## Given data
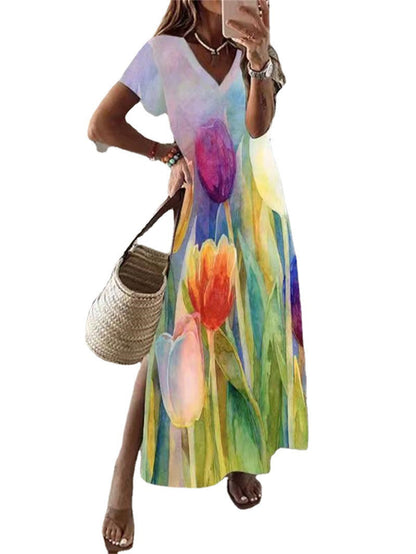 flowersverse Fashionable Casual Dress for Women - Ideal for Beach Resorts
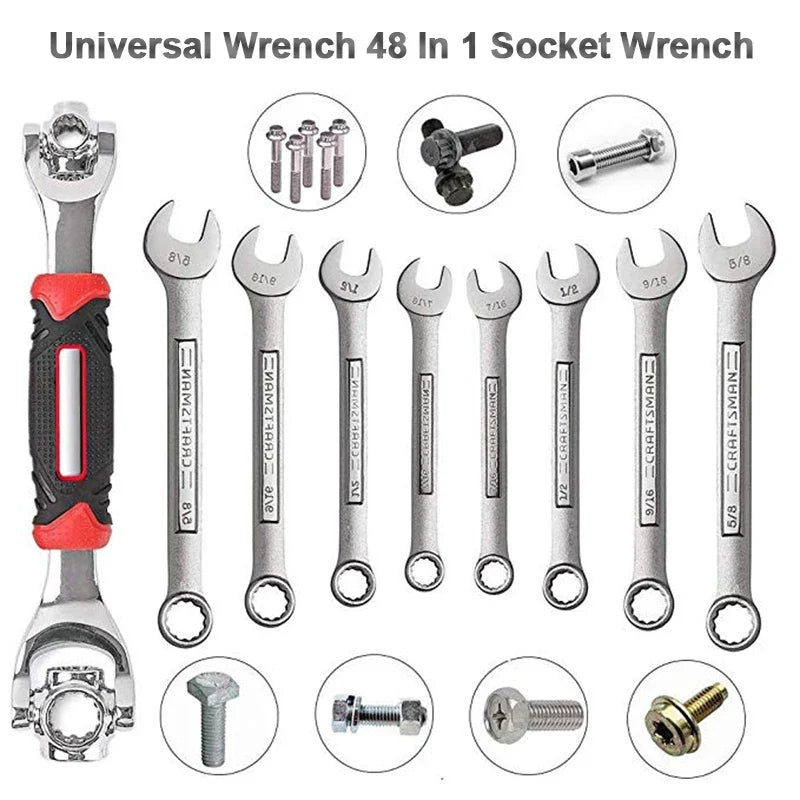 48-in-1 Universal Socket Wrench with 360 Degree Rotating Head or Spanner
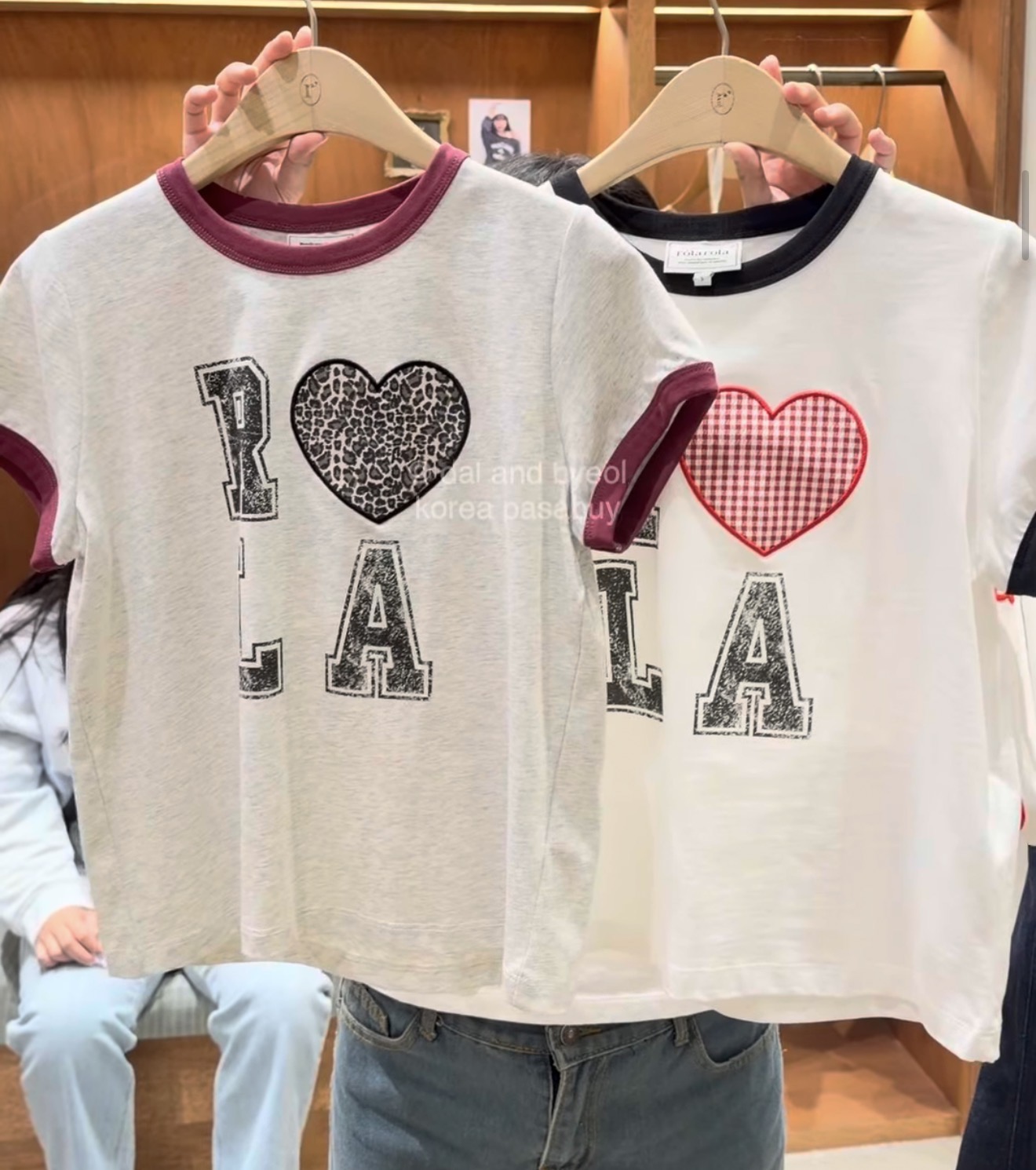 [ROLAROLA] I Love Rola Patchwork Ringer Shirt - White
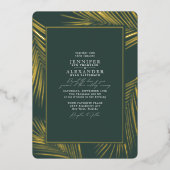 シックモダンビーチPalm & RSVP QRコード結婚の金ゴールド 箔招待状 (正面)
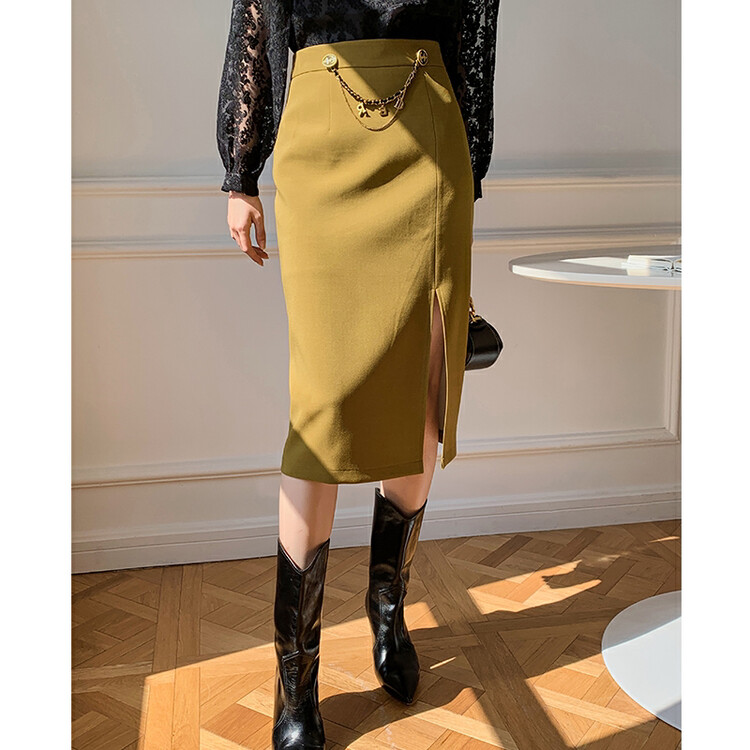 Original price 95.89! [HANNA contains that] temperament commuter skirt 22 autumn new high waist and thin metal decoration half skirt H1306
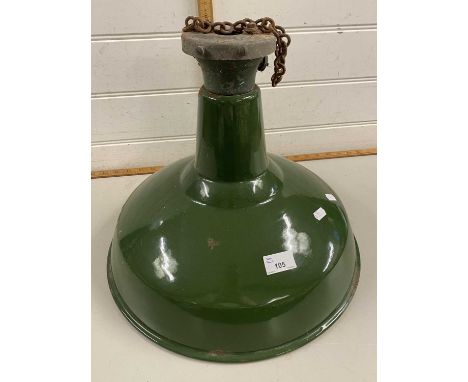 Green enamel finish industrial light fitting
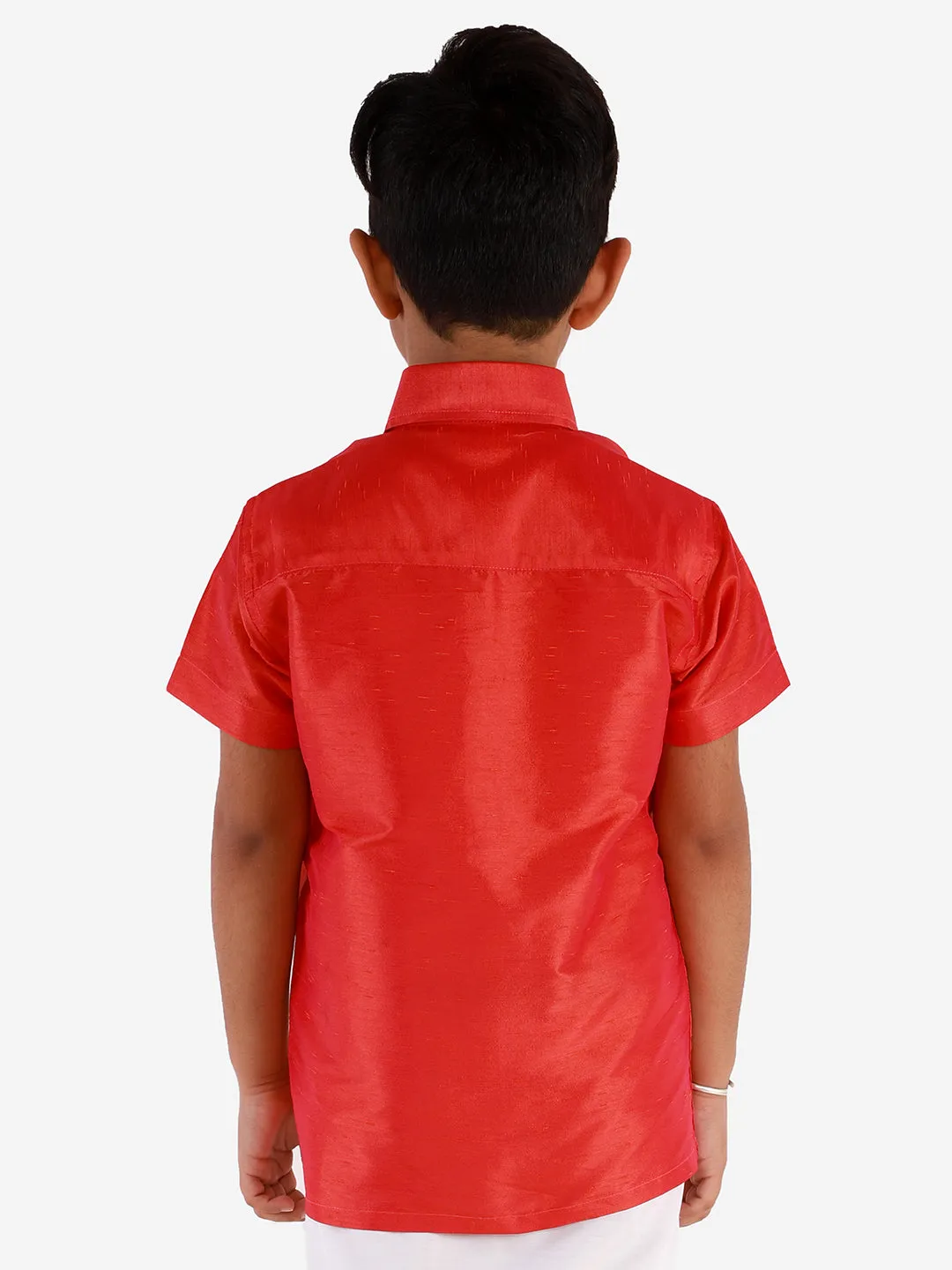 Jashvi Men's & Boys Red Solid Silk Blend Half Sleeve Ethnic Shirt
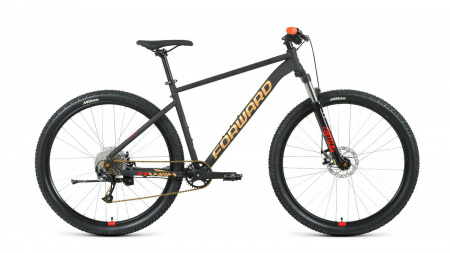 Велосипед FORWARD SPORTING 29 XX (2021) (Велосипед FORWARD SPORTING 29 XX (29" 9 ск. . 19") , черный матовый/золотой, RBKW1M198019)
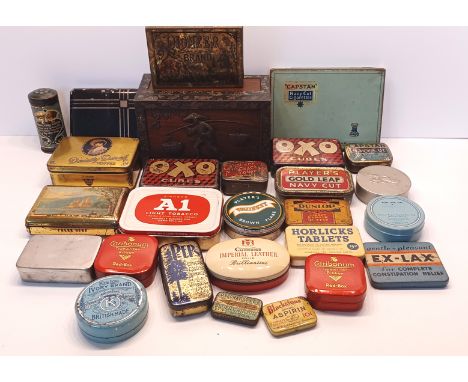 28 VINTAGE TINS INC. OXO, CUSSONS IMPERIAL LEATHER, KEE LOX IVORY BRAND, CAPSTAN NAVY CUT CIGARETTES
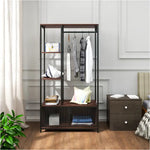 BukkitBow - Industriële Kapstok met Opbergvakken - Vintage Kledingrek met Planken en Deuren - Eenvoudige Montage - 90x40x167CM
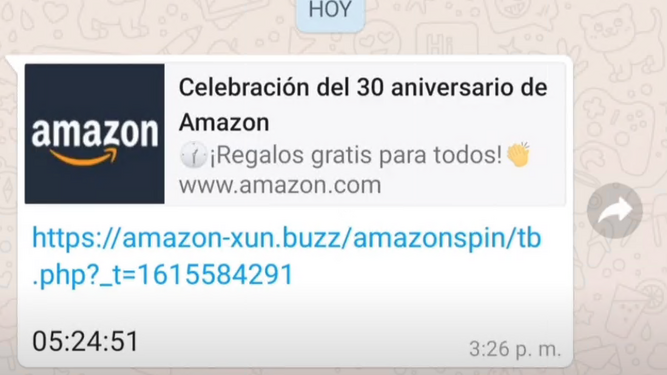 Ejemplo de intento de phishing con 30 aniversario de Amazon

## Exercise instructions
Set down the entries again without change. Leave the pictures out.

## Expected answer
 flowersverse Fashionable Casual Dress for Women - Ideal for Beach Resorts
 48-in-1 Universal Socket Wrench with 360 Degree Rotating Head or Spanner
 [ROLAROLA] I Love Rola Patchwork Ringer Shirt - White
 シックモダンビーチPalm & RSVP QRコード結婚の金ゴールド 箔招待状 (正面)
 Original price 95.89! [HANNA contains that] temperament commuter skirt 22 autumn new high waist and thin metal decoration half skirt H1306
 Green enamel finish industrial light fitting
 Jashvi Men's & Boys Red Solid Silk Blend Half Sleeve Ethnic Shirt
 Велосипед FORWARD SPORTING 29 XX (2021) (Велосипед FORWARD SPORTING 29 XX (29" 9 ск. . 19") , черный матовый/золотой, RBKW1M198019)
 28 VINTAGE TINS INC. OXO, CUSSONS IMPERIAL LEATHER, KEE LOX IVORY BRAND, CAPSTAN NAVY CUT CIGARETTES
 BukkitBow - Industriële Kapstok met Opbergvakken - Vintage Kledingrek met Planken en Deuren - Eenvoudige Montage - 90x40x167CM
 Ejemplo de intento de phishing con 30 aniversario de Amazon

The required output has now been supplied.